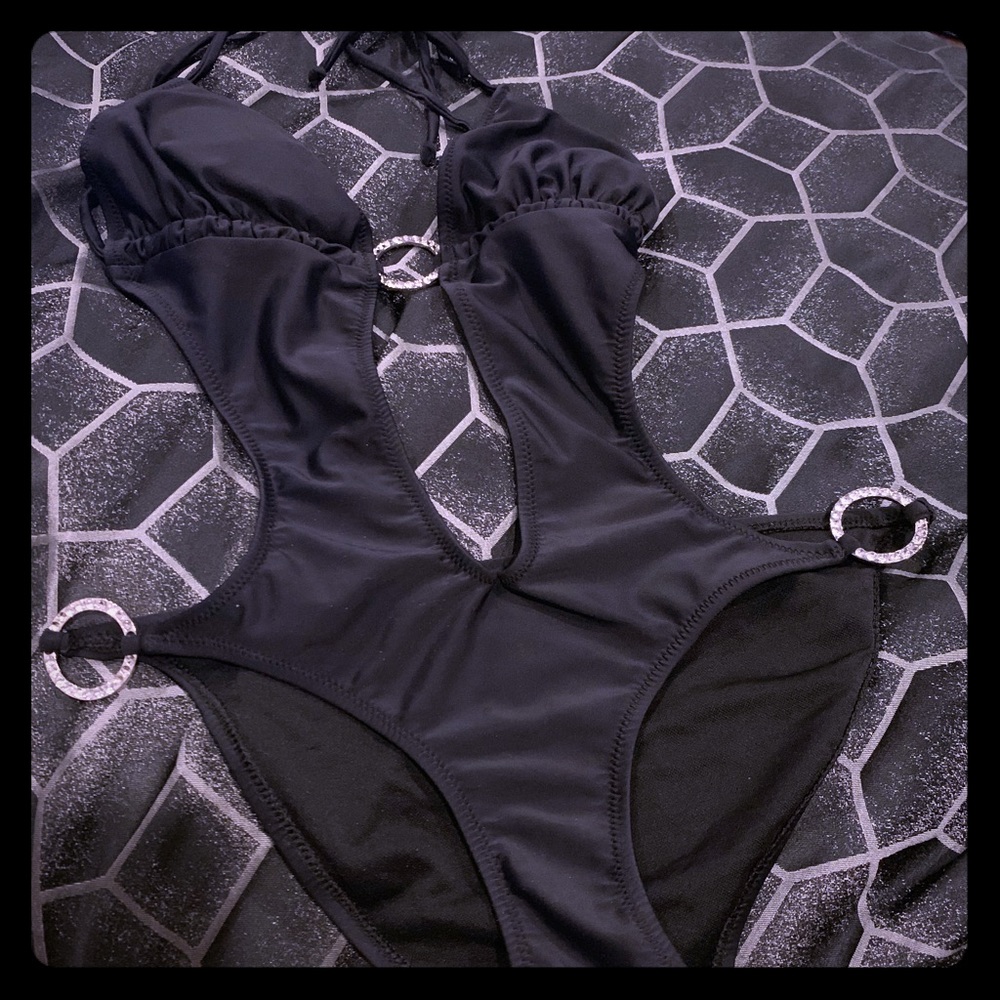 One piece all black swimsuit with rhinestones.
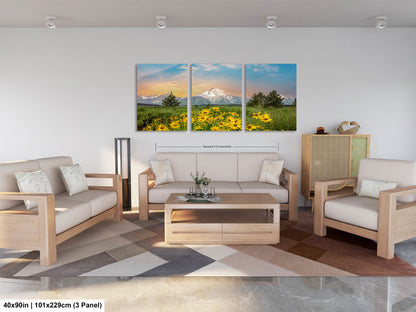 a living room filled with furniture and a painting on the wall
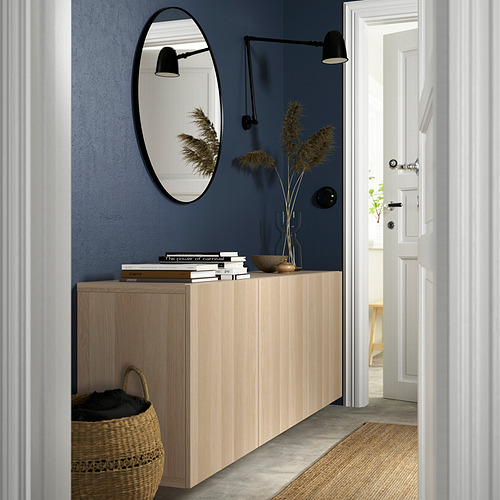 Pasillo con mueble de roble LAPPVIKEN, espejo, apliques, plantas, libros, cesta debajo. Pared azul, diseño elegante.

Exercise:
Write out the data word for word, with every picture dropped.

Result of this task:
 One piece all black swimsuit with rhinestones.
 a living room filled with furniture and a painting on the wall
 Pasillo con mueble de roble LAPPVIKEN, espejo, apliques, plantas, libros, cesta debajo. Pared azul, diseño elegante.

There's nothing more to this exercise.